→ **Exercise aim**
Repeat only the lines from the one containing "Beach, NC 28449" to the final line below, exactly as they read, and leave every picture out.

→ **Exercise input**

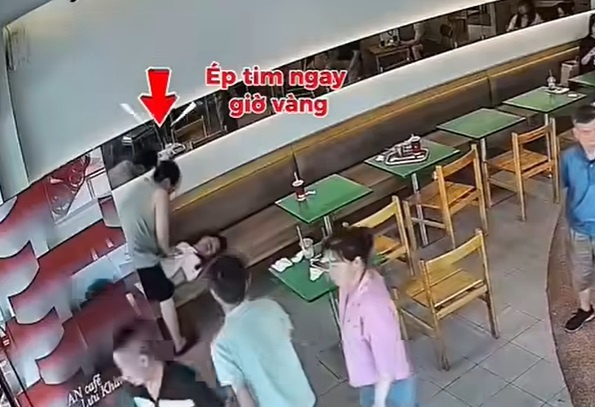 Bac si ep tim giua quan ca phe cuu nguoi dan ong ngung tuan hoan hinh anh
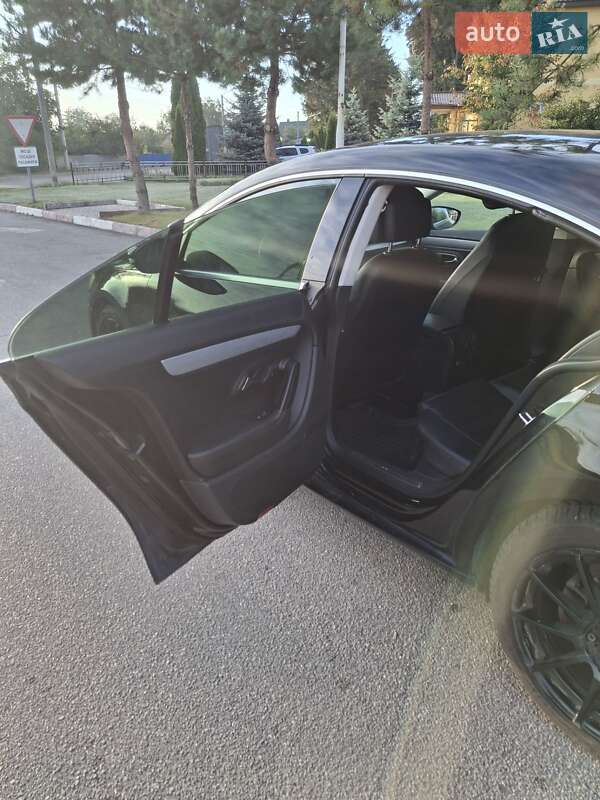 Купе Volkswagen CC / Passat CC 2012 в Виннице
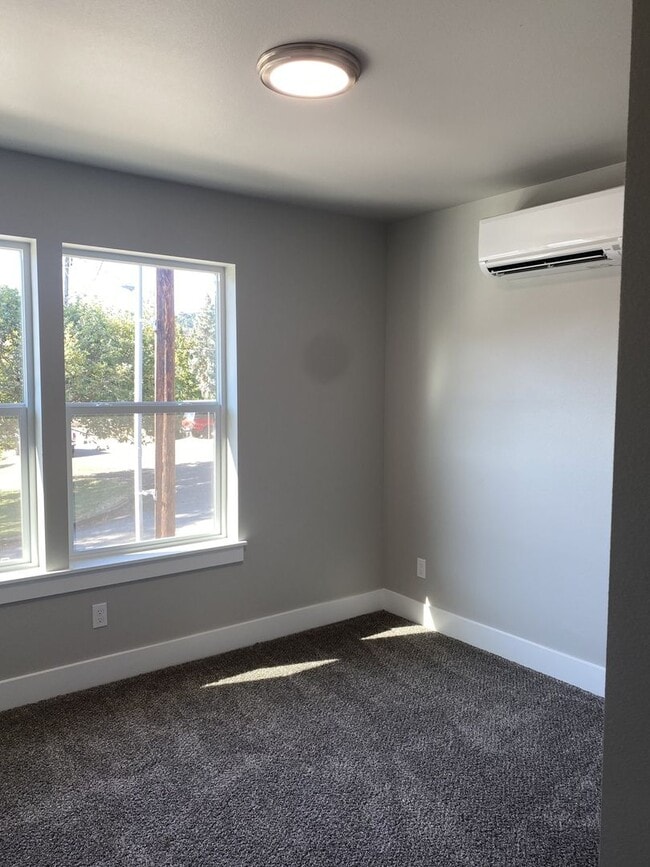 Building Photo - 242 NE College Dr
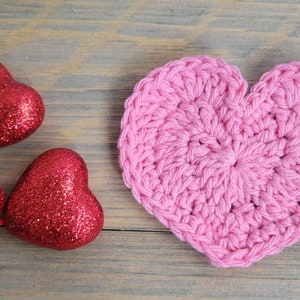 Heart Shaped Reusable Makeup Face Pads, Cotton Face Scrubby, Spa Gift for Her, Wash Cloth, Teen Girl Gift Ideas, Face Care Pink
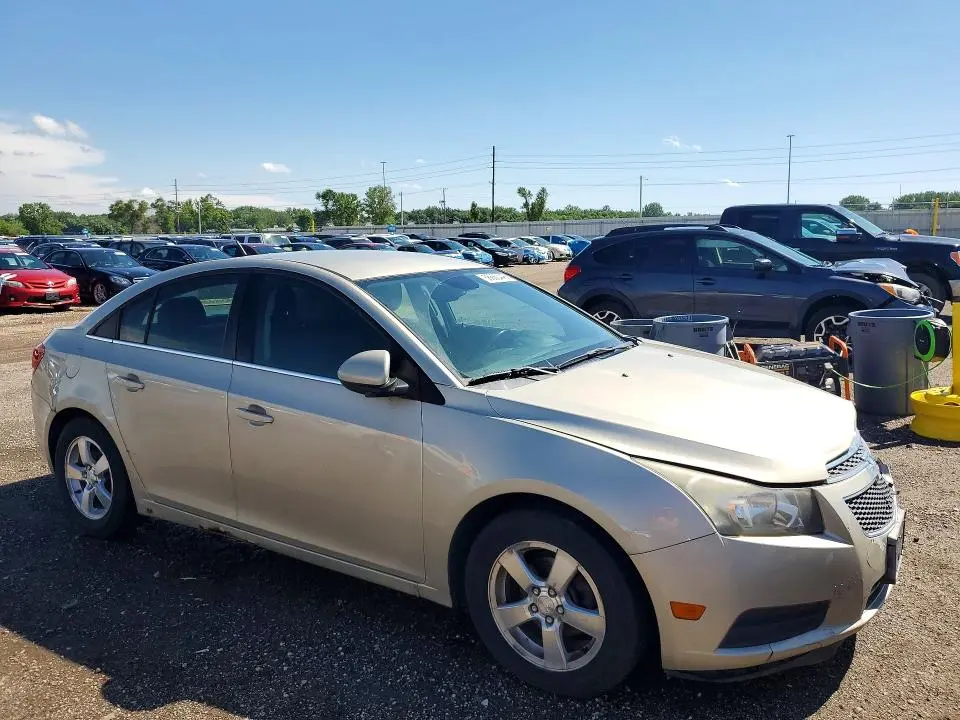 2013 CHEVROLET CRUZE LT  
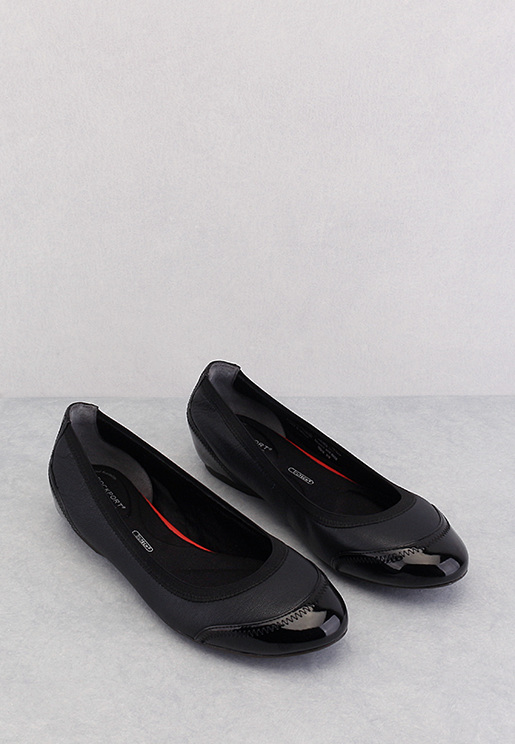 Rockport Women's Cresent Cap Toe Flat Shoes Black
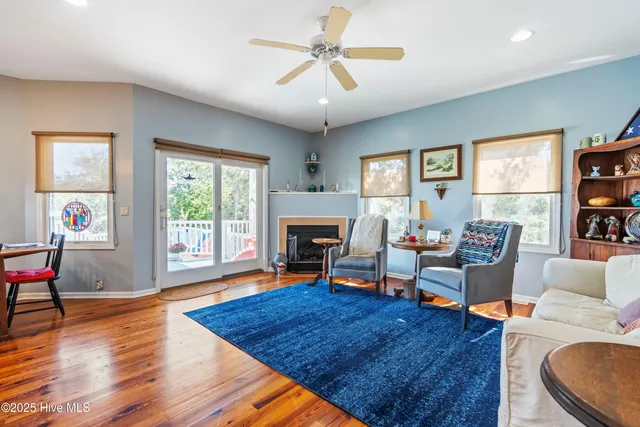 $979,000 | 642 South 4th Avenue, Kure Beach, NC 28449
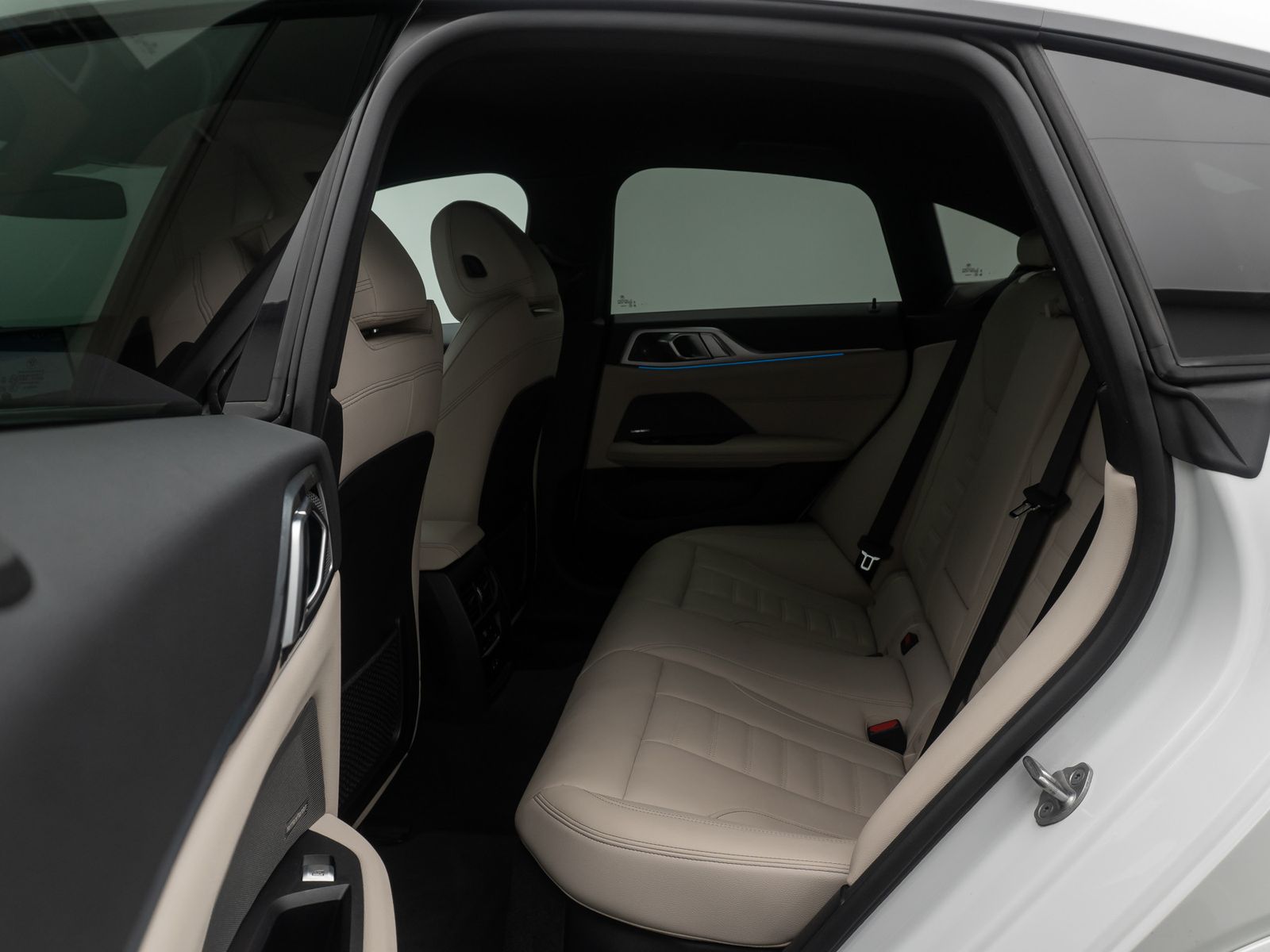 Fahrzeugabbildung BMW i4 M50 Kamera DAB AHK DriveAss Memory H/K 20Zoll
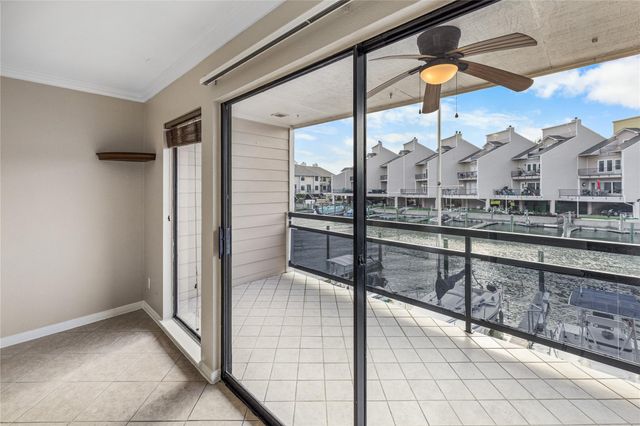 3663 Nasa Parkway 407, Seabrook, TX 77586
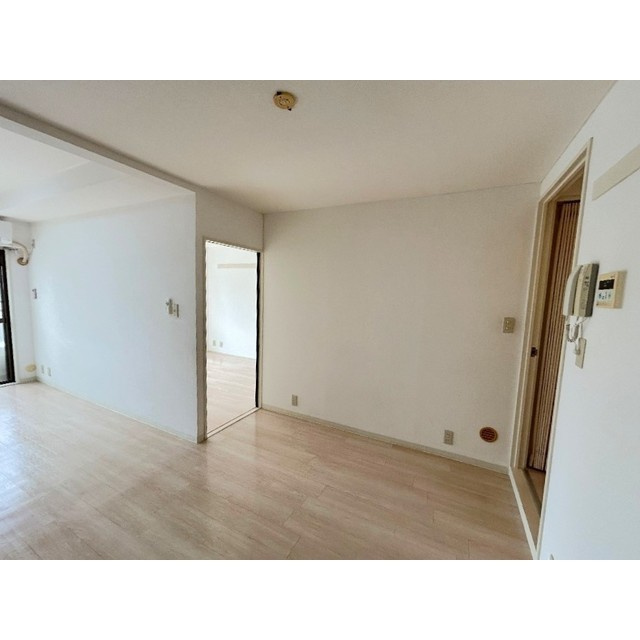 ホワイトパレス大宮の居間・リビング|使いやすいリビングです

→ **Solved exercise**
 $979,000 | 642 South 4th Avenue, Kure Beach, NC 28449
 Fahrzeugabbildung BMW i4 M50 Kamera DAB AHK DriveAss Memory H/K 20Zoll
 3663 Nasa Parkway 407, Seabrook, TX 77586
 ホワイトパレス大宮の居間・リビング|使いやすいリビングです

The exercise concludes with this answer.